In the entries that follow, the line with "Saniertes 1-Zimmer-Apartment im" opens the range and the line with "Предварительный просмотр 1" closes it; repeat that range exactly, both lines included.

(Beginning of SUPPLIED INFORMATION)

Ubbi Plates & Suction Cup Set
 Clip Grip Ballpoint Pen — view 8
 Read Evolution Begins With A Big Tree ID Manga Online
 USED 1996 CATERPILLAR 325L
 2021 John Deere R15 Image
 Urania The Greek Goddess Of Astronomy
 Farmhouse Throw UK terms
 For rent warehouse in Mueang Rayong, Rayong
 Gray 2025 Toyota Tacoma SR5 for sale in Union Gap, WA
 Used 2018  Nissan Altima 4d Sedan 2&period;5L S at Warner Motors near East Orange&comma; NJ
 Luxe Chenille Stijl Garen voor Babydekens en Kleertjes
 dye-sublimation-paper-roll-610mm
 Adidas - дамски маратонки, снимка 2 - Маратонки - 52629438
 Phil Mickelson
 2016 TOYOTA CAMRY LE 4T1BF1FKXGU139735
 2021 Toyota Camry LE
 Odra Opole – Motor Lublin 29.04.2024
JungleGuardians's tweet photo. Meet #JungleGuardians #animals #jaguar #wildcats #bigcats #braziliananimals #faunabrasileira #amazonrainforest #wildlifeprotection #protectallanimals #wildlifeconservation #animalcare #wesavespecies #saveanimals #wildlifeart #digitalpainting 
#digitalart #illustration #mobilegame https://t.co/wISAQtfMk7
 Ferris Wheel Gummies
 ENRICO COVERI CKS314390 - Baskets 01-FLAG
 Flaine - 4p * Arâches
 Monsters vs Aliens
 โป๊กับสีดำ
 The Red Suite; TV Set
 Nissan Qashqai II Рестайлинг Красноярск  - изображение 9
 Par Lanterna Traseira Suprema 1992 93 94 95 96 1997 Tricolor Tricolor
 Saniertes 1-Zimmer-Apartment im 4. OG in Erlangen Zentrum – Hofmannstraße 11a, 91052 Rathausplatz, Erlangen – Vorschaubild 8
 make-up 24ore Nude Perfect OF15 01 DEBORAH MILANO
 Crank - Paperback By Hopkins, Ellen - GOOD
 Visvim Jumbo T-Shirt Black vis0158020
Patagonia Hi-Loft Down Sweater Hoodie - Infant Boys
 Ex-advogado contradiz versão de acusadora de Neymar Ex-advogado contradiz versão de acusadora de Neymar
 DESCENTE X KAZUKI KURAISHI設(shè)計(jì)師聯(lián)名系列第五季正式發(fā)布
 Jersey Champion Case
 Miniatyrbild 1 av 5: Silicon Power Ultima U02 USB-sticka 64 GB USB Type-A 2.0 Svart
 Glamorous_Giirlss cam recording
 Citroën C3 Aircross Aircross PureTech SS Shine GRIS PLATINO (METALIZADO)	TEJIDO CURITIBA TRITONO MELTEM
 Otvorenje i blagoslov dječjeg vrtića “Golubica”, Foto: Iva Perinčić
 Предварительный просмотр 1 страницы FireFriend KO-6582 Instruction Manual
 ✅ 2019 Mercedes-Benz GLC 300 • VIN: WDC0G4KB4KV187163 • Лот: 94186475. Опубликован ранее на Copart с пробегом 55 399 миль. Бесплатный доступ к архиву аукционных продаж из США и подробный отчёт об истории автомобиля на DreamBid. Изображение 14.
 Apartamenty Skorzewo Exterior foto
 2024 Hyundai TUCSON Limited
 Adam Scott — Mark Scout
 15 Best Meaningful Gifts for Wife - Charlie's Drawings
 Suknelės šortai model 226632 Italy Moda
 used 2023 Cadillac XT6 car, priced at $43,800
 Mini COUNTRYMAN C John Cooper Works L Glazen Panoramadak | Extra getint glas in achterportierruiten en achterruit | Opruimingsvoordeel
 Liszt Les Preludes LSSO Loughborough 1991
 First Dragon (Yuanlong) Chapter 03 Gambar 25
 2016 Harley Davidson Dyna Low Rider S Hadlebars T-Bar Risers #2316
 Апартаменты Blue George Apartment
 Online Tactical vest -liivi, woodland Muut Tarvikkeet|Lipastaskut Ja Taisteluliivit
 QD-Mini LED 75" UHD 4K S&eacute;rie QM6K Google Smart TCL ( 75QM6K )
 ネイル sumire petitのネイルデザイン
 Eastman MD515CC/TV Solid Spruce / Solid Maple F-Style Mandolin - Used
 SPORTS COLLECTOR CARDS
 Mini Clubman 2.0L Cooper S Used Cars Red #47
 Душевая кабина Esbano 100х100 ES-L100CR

(End of SUPPLIED INFORMATION)

● **TASK RESULT**
 Saniertes 1-Zimmer-Apartment im 4. OG in Erlangen Zentrum – Hofmannstraße 11a, 91052 Rathausplatz, Erlangen – Vorschaubild 8
 make-up 24ore Nude Perfect OF15 01 DEBORAH MILANO
 Crank - Paperback By Hopkins, Ellen - GOOD
 Visvim Jumbo T-Shirt Black vis0158020
Patagonia Hi-Loft Down Sweater Hoodie - Infant Boys
 Ex-advogado contradiz versão de acusadora de Neymar Ex-advogado contradiz versão de acusadora de Neymar
 DESCENTE X KAZUKI KURAISHI設(shè)計(jì)師聯(lián)名系列第五季正式發(fā)布
 Jersey Champion Case
 Miniatyrbild 1 av 5: Silicon Power Ultima U02 USB-sticka 64 GB USB Type-A 2.0 Svart
 Glamorous_Giirlss cam recording
 Citroën C3 Aircross Aircross PureTech SS Shine GRIS PLATINO (METALIZADO)	TEJIDO CURITIBA TRITONO MELTEM
 Otvorenje i blagoslov dječjeg vrtića “Golubica”, Foto: Iva Perinčić
 Предварительный просмотр 1 страницы FireFriend KO-6582 Instruction Manual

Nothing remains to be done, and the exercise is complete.